Partners in COMPARE have developed a new composition-based analysis tool for binning unclassified nucleotide sequence reads into their provenance classes DNA or RNA (LVQ-KNN).
Driven by next-generation sequencing (NGS), diagnostic metagenomics enables the detection of yet unknown or unexpected pathogens without their prior enrichment or purification. Sequence fragments are generated from all genetic material present in a sample. The generated genomic sequence data are classified taxonomically to get a clue of the species present in the analyzed sample.
Most of the commonly used methods for taxonomic classification rely on the detection of highly similar or even identical sequences related to known pathogens available in sequence databases. However, given the substantial genomic diversity of viruses known to date, combined with our limited knowledge of the virosphere, most likely the similarity-based approaches will not be sufficient to recognize strongly deviating sequences originating from completely unknown viruses.
Based on our current knowledge, we assume that substantial portions of the yet unknown viruses are RNA viruses.

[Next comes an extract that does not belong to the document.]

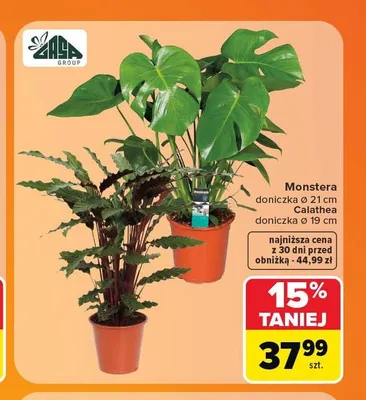 Monstera w doniczce promocja w Carrefour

Moreover, substantial portions of the currently known viruses that cause severe disease are RNA viruses. Therefore, to enable the identification of novel RNA viruses, we developed a method to recognize a sequence is derived from a functional RNA molecule, i.e., a viral genome, without an available similar sequence. This enables the detection of so far unknown RNA viruses directly from a short read data set.
A research paper was recently published in the Virus Bioinformatics special issue of Virus Research
(DOI: 10.1016/j.virusres.2018.10.002).